**Task goal:** The listing is to be duplicated in full, exactly as written.

────

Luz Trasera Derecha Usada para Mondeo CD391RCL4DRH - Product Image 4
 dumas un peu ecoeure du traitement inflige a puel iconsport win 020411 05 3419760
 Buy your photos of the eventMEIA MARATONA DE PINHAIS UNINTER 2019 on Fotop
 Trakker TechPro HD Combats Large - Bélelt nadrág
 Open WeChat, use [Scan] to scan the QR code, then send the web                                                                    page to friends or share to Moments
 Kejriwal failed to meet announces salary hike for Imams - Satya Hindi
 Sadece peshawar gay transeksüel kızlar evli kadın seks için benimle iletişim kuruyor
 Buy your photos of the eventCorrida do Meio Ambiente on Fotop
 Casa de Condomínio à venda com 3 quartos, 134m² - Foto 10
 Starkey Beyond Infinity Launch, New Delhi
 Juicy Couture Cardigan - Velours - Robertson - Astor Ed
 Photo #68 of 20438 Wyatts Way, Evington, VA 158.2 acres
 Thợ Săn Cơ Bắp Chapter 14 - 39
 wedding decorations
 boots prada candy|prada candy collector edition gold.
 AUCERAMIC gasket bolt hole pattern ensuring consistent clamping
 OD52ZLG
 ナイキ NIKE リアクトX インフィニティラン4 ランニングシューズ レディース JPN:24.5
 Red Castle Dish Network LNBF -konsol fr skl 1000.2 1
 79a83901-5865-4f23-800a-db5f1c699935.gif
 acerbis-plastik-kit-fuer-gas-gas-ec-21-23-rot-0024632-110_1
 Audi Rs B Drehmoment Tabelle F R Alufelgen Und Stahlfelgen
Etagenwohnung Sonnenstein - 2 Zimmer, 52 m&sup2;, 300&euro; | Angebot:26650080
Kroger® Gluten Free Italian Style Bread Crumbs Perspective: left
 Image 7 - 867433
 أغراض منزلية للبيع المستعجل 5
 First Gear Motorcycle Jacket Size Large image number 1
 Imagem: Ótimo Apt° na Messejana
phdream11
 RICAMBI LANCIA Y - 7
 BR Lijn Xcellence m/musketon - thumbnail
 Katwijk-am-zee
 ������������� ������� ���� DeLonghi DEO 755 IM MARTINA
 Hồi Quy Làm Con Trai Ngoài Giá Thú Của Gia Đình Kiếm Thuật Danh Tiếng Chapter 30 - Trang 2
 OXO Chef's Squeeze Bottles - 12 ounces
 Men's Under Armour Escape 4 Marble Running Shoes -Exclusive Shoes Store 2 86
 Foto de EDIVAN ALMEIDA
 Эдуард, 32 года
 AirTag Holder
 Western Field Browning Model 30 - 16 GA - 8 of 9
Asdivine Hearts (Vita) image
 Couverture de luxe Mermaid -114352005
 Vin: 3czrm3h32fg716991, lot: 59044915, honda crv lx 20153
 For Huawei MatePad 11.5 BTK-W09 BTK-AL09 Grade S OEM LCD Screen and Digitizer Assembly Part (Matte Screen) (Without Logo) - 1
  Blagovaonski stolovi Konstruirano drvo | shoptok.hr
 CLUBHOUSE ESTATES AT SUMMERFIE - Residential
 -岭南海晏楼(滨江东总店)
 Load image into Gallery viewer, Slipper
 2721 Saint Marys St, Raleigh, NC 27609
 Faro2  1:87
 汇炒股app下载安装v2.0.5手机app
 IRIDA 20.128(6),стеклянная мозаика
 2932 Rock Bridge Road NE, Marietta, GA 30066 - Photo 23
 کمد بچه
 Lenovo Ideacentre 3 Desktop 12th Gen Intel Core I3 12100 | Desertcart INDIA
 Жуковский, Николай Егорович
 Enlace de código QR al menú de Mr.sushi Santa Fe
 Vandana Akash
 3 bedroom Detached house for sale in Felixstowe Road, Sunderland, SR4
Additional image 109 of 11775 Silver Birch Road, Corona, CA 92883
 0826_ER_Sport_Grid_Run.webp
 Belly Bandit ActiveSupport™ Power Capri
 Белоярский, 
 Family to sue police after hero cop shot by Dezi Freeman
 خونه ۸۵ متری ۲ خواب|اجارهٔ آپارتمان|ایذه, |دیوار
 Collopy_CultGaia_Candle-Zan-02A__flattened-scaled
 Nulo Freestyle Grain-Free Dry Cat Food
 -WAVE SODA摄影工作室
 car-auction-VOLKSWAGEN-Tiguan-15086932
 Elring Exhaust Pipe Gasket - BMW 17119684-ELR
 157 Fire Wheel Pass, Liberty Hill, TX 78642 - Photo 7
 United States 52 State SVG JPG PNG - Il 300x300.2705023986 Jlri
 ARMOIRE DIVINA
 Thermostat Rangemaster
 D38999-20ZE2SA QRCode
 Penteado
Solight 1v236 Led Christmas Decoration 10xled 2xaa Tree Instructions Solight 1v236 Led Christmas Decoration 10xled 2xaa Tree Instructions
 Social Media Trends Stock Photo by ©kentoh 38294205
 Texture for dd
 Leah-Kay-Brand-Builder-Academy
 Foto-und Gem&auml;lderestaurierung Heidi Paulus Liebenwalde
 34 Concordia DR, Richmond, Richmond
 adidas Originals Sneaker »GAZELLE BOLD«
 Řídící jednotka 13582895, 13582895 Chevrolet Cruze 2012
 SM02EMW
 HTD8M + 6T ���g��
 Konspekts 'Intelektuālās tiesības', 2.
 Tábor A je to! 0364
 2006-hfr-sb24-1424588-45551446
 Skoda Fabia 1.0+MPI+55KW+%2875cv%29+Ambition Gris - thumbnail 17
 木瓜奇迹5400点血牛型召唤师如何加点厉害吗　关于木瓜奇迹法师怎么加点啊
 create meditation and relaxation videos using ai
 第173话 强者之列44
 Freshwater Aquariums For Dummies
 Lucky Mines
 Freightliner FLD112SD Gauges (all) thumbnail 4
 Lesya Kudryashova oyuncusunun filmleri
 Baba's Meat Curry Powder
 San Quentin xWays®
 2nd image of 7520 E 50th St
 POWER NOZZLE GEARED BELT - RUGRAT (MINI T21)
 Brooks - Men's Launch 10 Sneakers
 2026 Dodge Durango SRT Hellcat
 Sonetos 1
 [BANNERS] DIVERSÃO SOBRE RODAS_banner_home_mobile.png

────

**Solution for this problem:**
Luz Trasera Derecha Usada para Mondeo CD391RCL4DRH - Product Image 4
 dumas un peu ecoeure du traitement inflige a puel iconsport win 020411 05 3419760
 Buy your photos of the eventMEIA MARATONA DE PINHAIS UNINTER 2019 on Fotop
 Trakker TechPro HD Combats Large - Bélelt nadrág
 Open WeChat, use [Scan] to scan the QR code, then send the web                                                                    page to friends or share to Moments
 Kejriwal failed to meet announces salary hike for Imams - Satya Hindi
 Sadece peshawar gay transeksüel kızlar evli kadın seks için benimle iletişim kuruyor
 Buy your photos of the eventCorrida do Meio Ambiente on Fotop
 Casa de Condomínio à venda com 3 quartos, 134m² - Foto 10
 Starkey Beyond Infinity Launch, New Delhi
 Juicy Couture Cardigan - Velours - Robertson - Astor Ed
 Photo #68 of 20438 Wyatts Way, Evington, VA 158.2 acres
 Thợ Săn Cơ Bắp Chapter 14 - 39
 wedding decorations
 boots prada candy|prada candy collector edition gold.
 AUCERAMIC gasket bolt hole pattern ensuring consistent clamping
 OD52ZLG
 ナイキ NIKE リアクトX インフィニティラン4 ランニングシューズ レディース JPN:24.5
 Red Castle Dish Network LNBF -konsol fr skl 1000.2 1
 79a83901-5865-4f23-800a-db5f1c699935.gif
 acerbis-plastik-kit-fuer-gas-gas-ec-21-23-rot-0024632-110_1
 Audi Rs B Drehmoment Tabelle F R Alufelgen Und Stahlfelgen
Etagenwohnung Sonnenstein - 2 Zimmer, 52 m&sup2;, 300&euro; | Angebot:26650080
Kroger® Gluten Free Italian Style Bread Crumbs Perspective: left
 Image 7 - 867433
 أغراض منزلية للبيع المستعجل 5
 First Gear Motorcycle Jacket Size Large image number 1
 Imagem: Ótimo Apt° na Messejana
phdream11
 RICAMBI LANCIA Y - 7
 BR Lijn Xcellence m/musketon - thumbnail
 Katwijk-am-zee
 ������������� ������� ���� DeLonghi DEO 755 IM MARTINA
 Hồi Quy Làm Con Trai Ngoài Giá Thú Của Gia Đình Kiếm Thuật Danh Tiếng Chapter 30 - Trang 2
 OXO Chef's Squeeze Bottles - 12 ounces
 Men's Under Armour Escape 4 Marble Running Shoes -Exclusive Shoes Store 2 86
 Foto de EDIVAN ALMEIDA
 Эдуард, 32 года
 AirTag Holder
 Western Field Browning Model 30 - 16 GA - 8 of 9
Asdivine Hearts (Vita) image
 Couverture de luxe Mermaid -114352005
 Vin: 3czrm3h32fg716991, lot: 59044915, honda crv lx 20153
 For Huawei MatePad 11.5 BTK-W09 BTK-AL09 Grade S OEM LCD Screen and Digitizer Assembly Part (Matte Screen) (Without Logo) - 1
  Blagovaonski stolovi Konstruirano drvo | shoptok.hr
 CLUBHOUSE ESTATES AT SUMMERFIE - Residential
 -岭南海晏楼(滨江东总店)
 Load image into Gallery viewer, Slipper
 2721 Saint Marys St, Raleigh, NC 27609
 Faro2  1:87
 汇炒股app下载安装v2.0.5手机app
 IRIDA 20.128(6),стеклянная мозаика
 2932 Rock Bridge Road NE, Marietta, GA 30066 - Photo 23
 کمد بچه
 Lenovo Ideacentre 3 Desktop 12th Gen Intel Core I3 12100 | Desertcart INDIA
 Жуковский, Николай Егорович
 Enlace de código QR al menú de Mr.sushi Santa Fe
 Vandana Akash
 3 bedroom Detached house for sale in Felixstowe Road, Sunderland, SR4
Additional image 109 of 11775 Silver Birch Road, Corona, CA 92883
 0826_ER_Sport_Grid_Run.webp
 Belly Bandit ActiveSupport™ Power Capri
 Белоярский, 
 Family to sue police after hero cop shot by Dezi Freeman
 خونه ۸۵ متری ۲ خواب|اجارهٔ آپارتمان|ایذه, |دیوار
 Collopy_CultGaia_Candle-Zan-02A__flattened-scaled
 Nulo Freestyle Grain-Free Dry Cat Food
 -WAVE SODA摄影工作室
 car-auction-VOLKSWAGEN-Tiguan-15086932
 Elring Exhaust Pipe Gasket - BMW 17119684-ELR
 157 Fire Wheel Pass, Liberty Hill, TX 78642 - Photo 7
 United States 52 State SVG JPG PNG - Il 300x300.2705023986 Jlri
 ARMOIRE DIVINA
 Thermostat Rangemaster
 D38999-20ZE2SA QRCode
 Penteado
Solight 1v236 Led Christmas Decoration 10xled 2xaa Tree Instructions Solight 1v236 Led Christmas Decoration 10xled 2xaa Tree Instructions
 Social Media Trends Stock Photo by ©kentoh 38294205
 Texture for dd
 Leah-Kay-Brand-Builder-Academy
 Foto-und Gem&auml;lderestaurierung Heidi Paulus Liebenwalde
 34 Concordia DR, Richmond, Richmond
 adidas Originals Sneaker »GAZELLE BOLD«
 Řídící jednotka 13582895, 13582895 Chevrolet Cruze 2012
 SM02EMW
 HTD8M + 6T ���g��
 Konspekts 'Intelektuālās tiesības', 2.
 Tábor A je to! 0364
 2006-hfr-sb24-1424588-45551446
 Skoda Fabia 1.0+MPI+55KW+%2875cv%29+Ambition Gris - thumbnail 17
 木瓜奇迹5400点血牛型召唤师如何加点厉害吗　关于木瓜奇迹法师怎么加点啊
 create meditation and relaxation videos using ai
 第173话 强者之列44
 Freshwater Aquariums For Dummies
 Lucky Mines
 Freightliner FLD112SD Gauges (all) thumbnail 4
 Lesya Kudryashova oyuncusunun filmleri
 Baba's Meat Curry Powder
 San Quentin xWays®
 2nd image of 7520 E 50th St
 POWER NOZZLE GEARED BELT - RUGRAT (MINI T21)
 Brooks - Men's Launch 10 Sneakers
 2026 Dodge Durango SRT Hellcat
 Sonetos 1
 [BANNERS] DIVERSÃO SOBRE RODAS_banner_home_mobile.png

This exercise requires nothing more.